Deng studied at the University of California, Berkeley, USA, from 1992 to 1997. He received a doctoral degree in Electrical Engineering, a master's degree in Economic Management and another master's degree in Physics. He became the first scholar who held degrees ranging from science to engineering to business disciplines since the foundation of the university 130 years ago.
In 1997, Deng joined the IBM Corporation as a senior researcher, responsible for the ultra-large-scale CMOS integrated circuit design. He has published over 25 academic papers and applied for a number of inventions patents at home and abroad and has received the "IBM Invention Award".
He worked for Sun Microsystem in Silicon Valley, USA, involved in the development of the first generation CPU, the UltraSPARC I, which has the world's fastest computing speed. Then, he served in the US IBM, doing research for a single-magnon Peta-Flop ultra-large-scale quantum computer. After that, he created the semiconductor company Pixim, serving as the first broad chairman of the company. He then led the development of high-end digital imaging semiconductor sensors for cutting-edge applications like monitoring, satellite and outer space exploration.

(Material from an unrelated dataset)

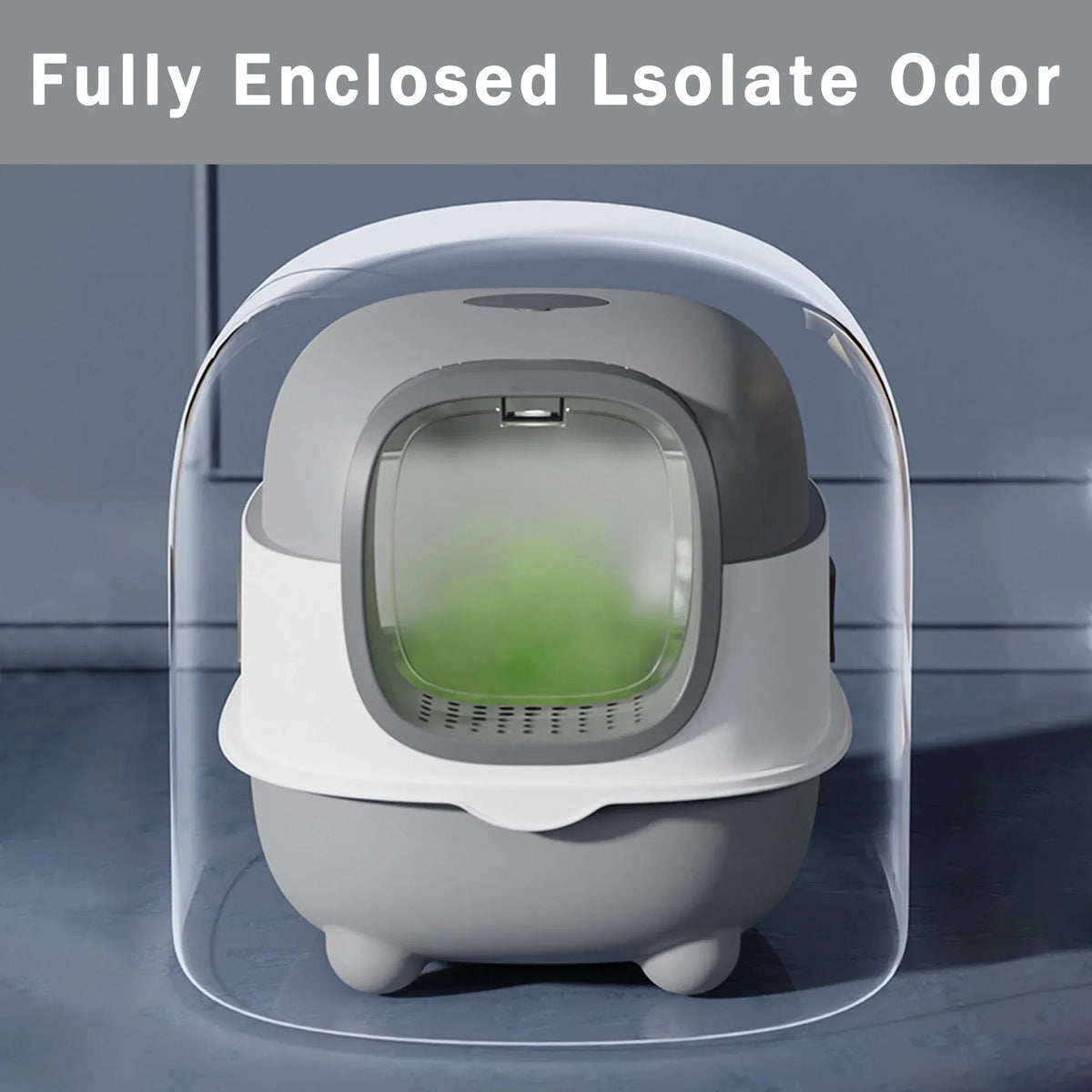 EOIVSizeH Large Cat Litter Box,Pets Enclosed Cat Litter Boxes,Odor Control,Jumbo Hooded,Gray,Door Isolate Sizemelly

In October 1999, Deng Zhonghan returned to China and co-founded "Vimicro" with the Ministry of Information Industry in Beijing's Zhongguancun Science Park, serving as the Board Chairman. He then successfully developed the "Starlight Chinese Chip", which was the first to enter the international market and occupied more than 60 percent market share in computer image input devices.
Deng Zhonghan was known as the "Father of Chinese Chip" in the information technology industry. At the same time, Vimicro was listed on Nasdaq. With core technology and independent intellectual property rights of China's electronic information industry, this is also the first IT enterprise that appeared in the US market.